◆ Materials provided
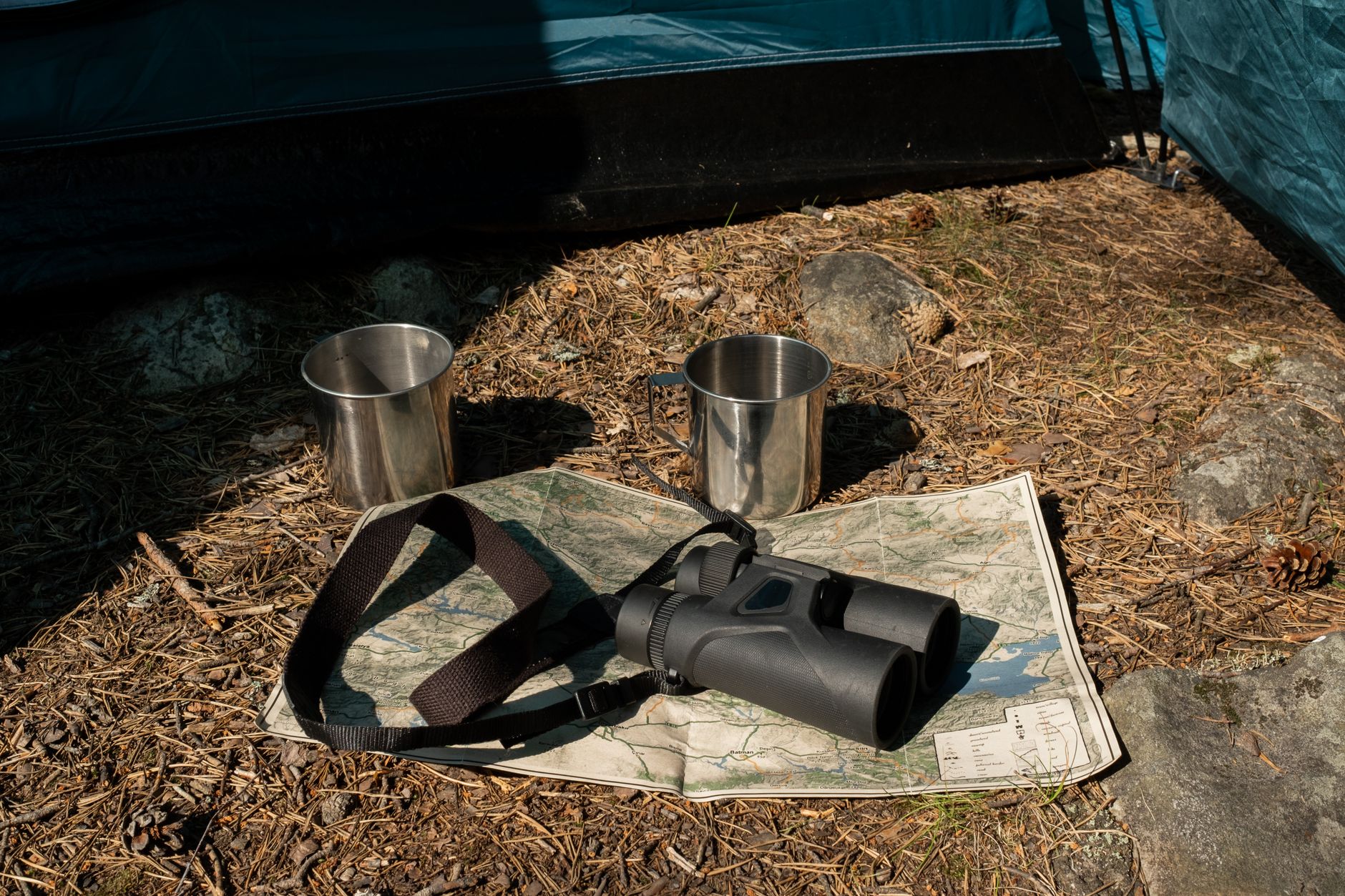 Birdwatching for Beginners: Essential Gear and Field Guide Tips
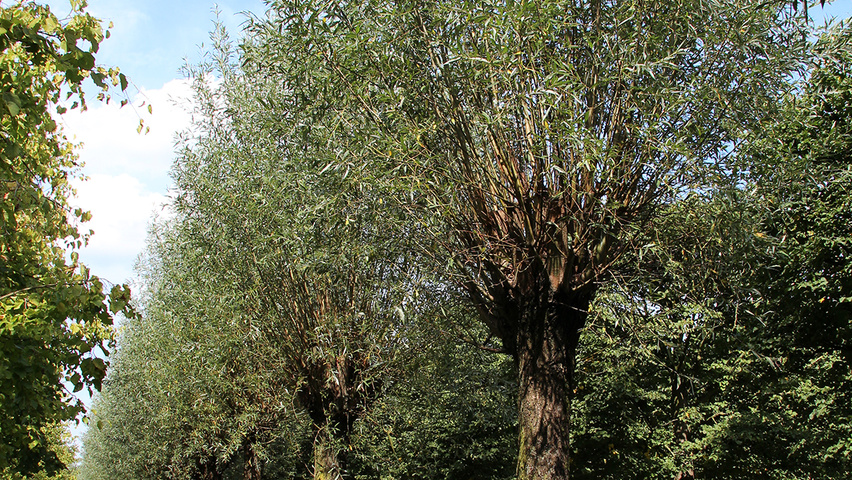 Salix alba ogłowiony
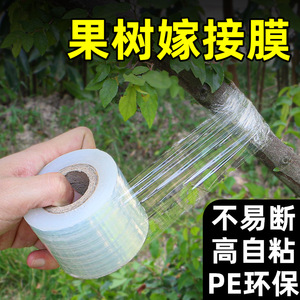 Pe Grafting Film 3cm 5cm <b>Waterproof</b> Self <b>Adhesive</b> For Fruit Tree Industrial Use - Product Image 3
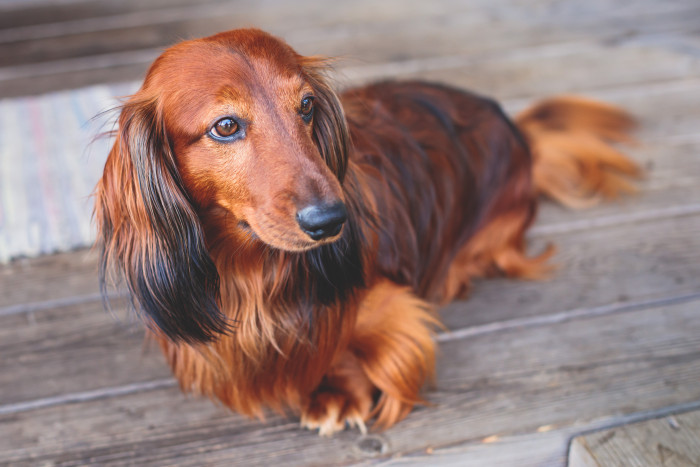 Jezevčík dlouhosrstý, foto: Shutterstock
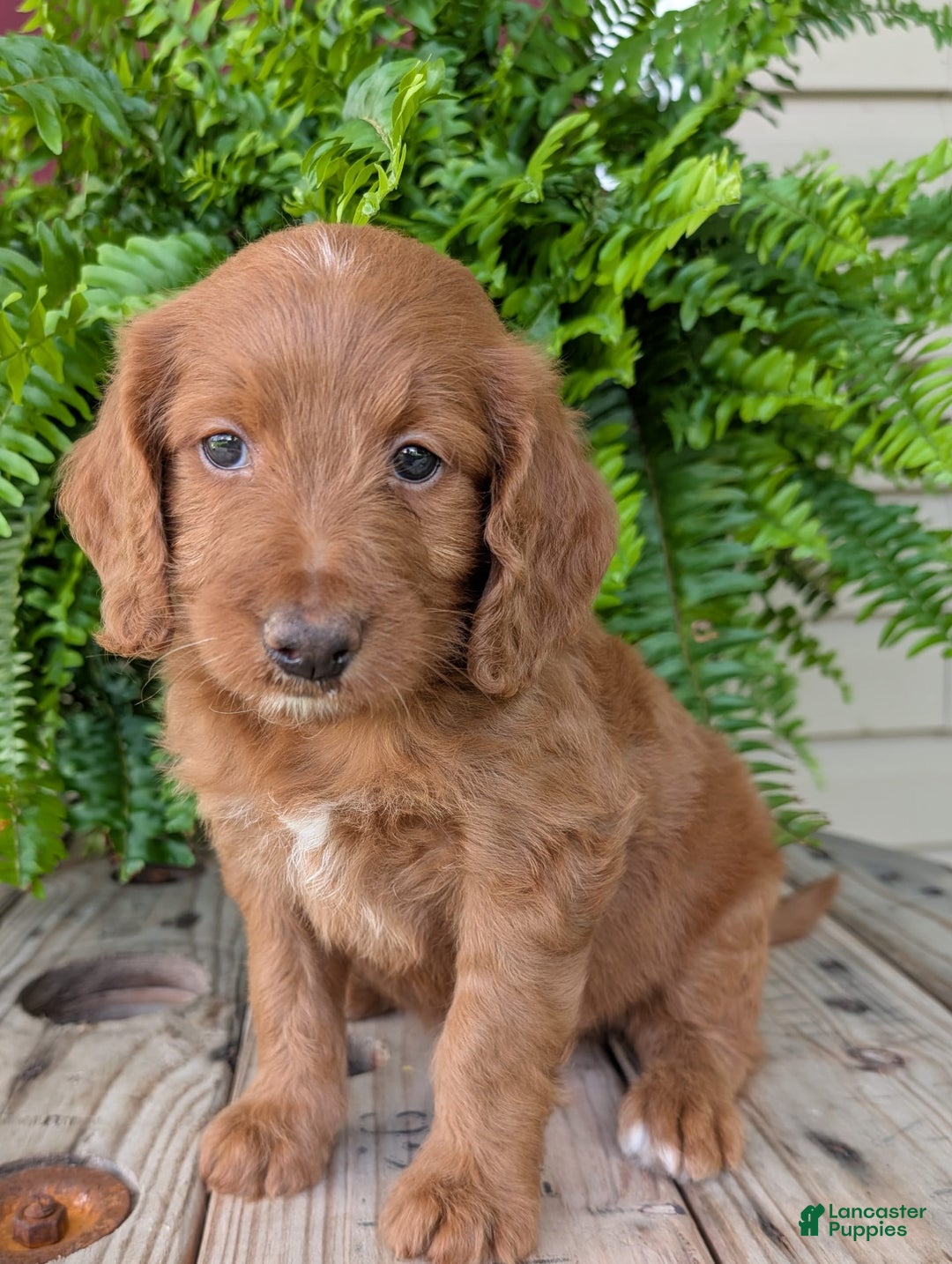 Goldendoodle dogs for sale: Ellie - Image 41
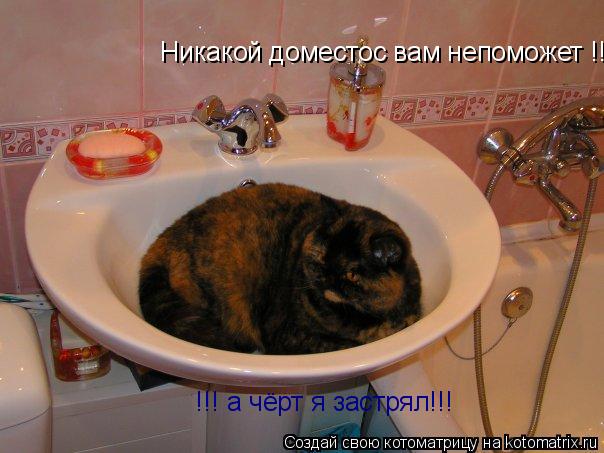 Котоматрица: Никакой доместос вам непоможет !!!      !!! а чёрт я застрял!!!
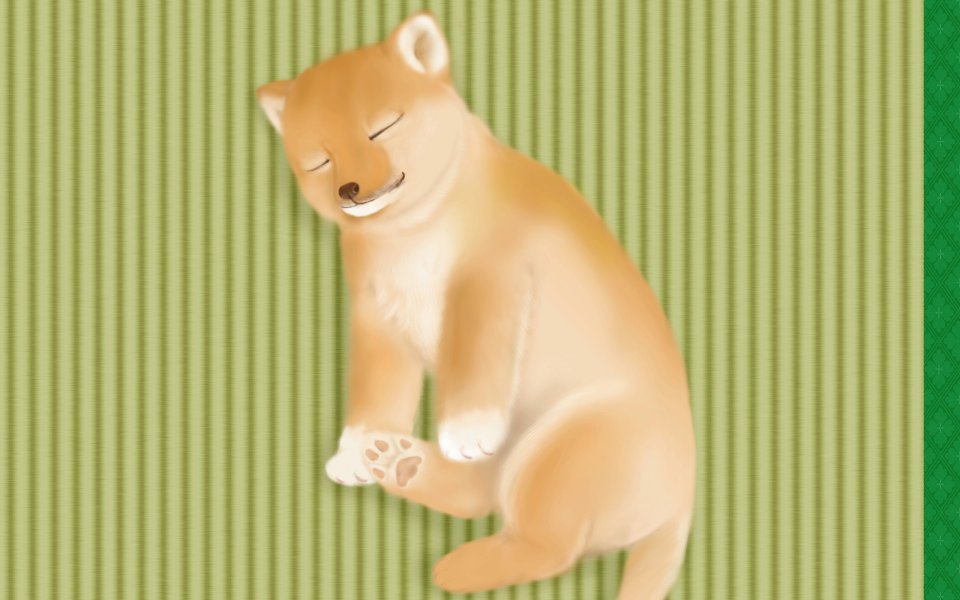 榻榻米上熟睡的可爱柴犬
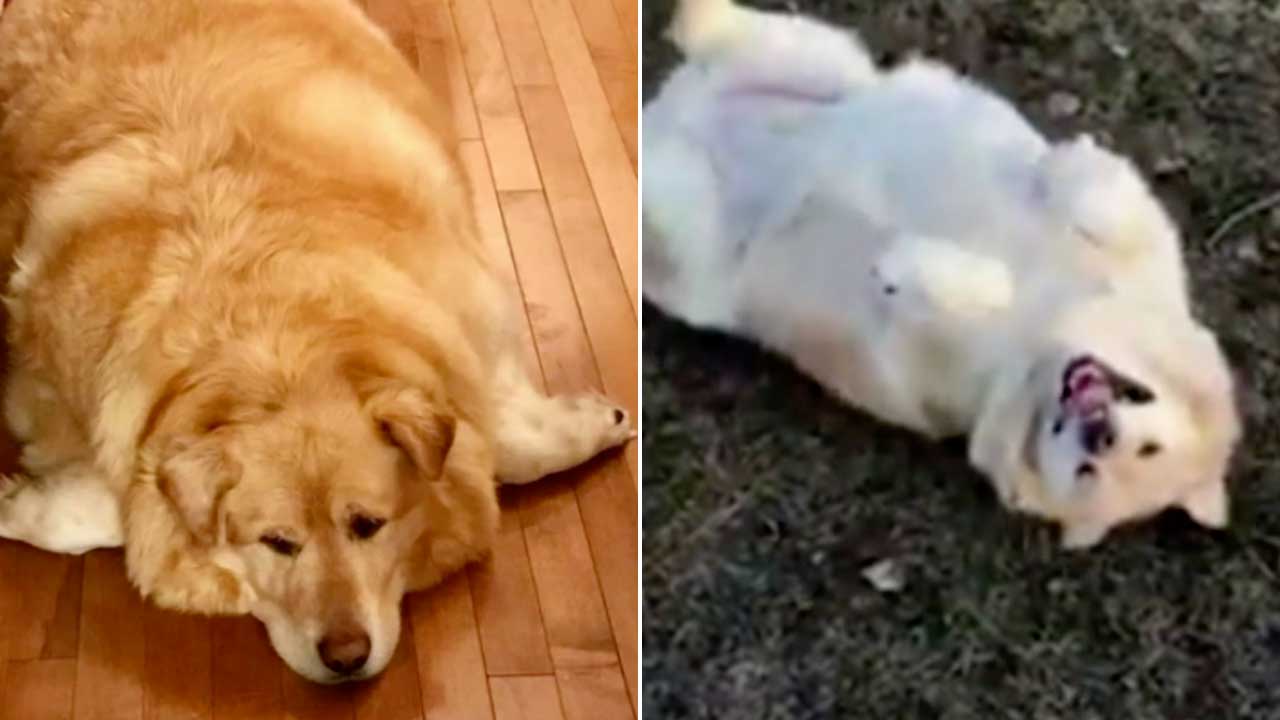 Kai The Golden Retriever Celebrates 100 Pound Weight Loss
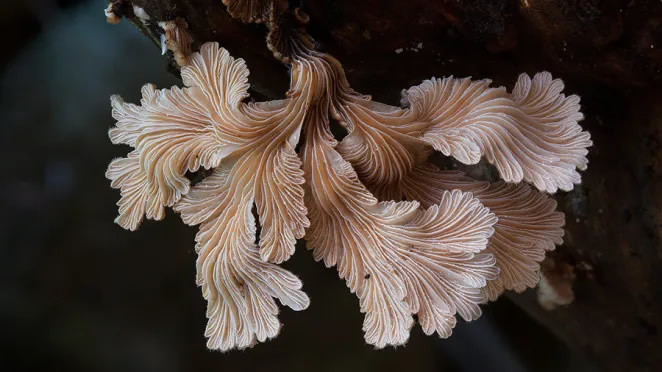 Australian Fungi Macro Photography By Steve Axford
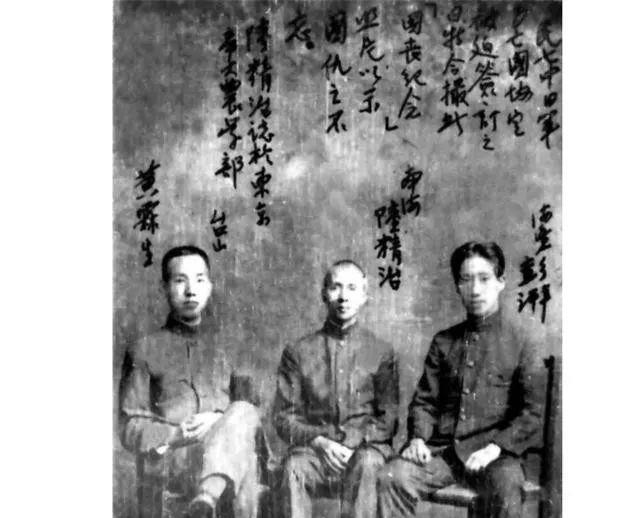 梦见自己当特务？心理学解码隐秘欲望与生存策略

◆ Goal of the exercise
Your answer must be an exact copy of the listing, minus its pictures.

◆ Response box
 Birdwatching for Beginners: Essential Gear and Field Guide Tips
 Salix alba ogłowiony
 Pe Grafting Film 3cm 5cm <b>Waterproof</b> Self <b>Adhesive</b> For Fruit Tree Industrial Use - Product Image 3
 Jezevčík dlouhosrstý, foto: Shutterstock
 Goldendoodle dogs for sale: Ellie - Image 41
 Котоматрица: Никакой доместос вам непоможет !!!      !!! а чёрт я застрял!!!
 榻榻米上熟睡的可爱柴犬
 Kai The Golden Retriever Celebrates 100 Pound Weight Loss
 Australian Fungi Macro Photography By Steve Axford
 梦见自己当特务？心理学解码隐秘欲望与生存策略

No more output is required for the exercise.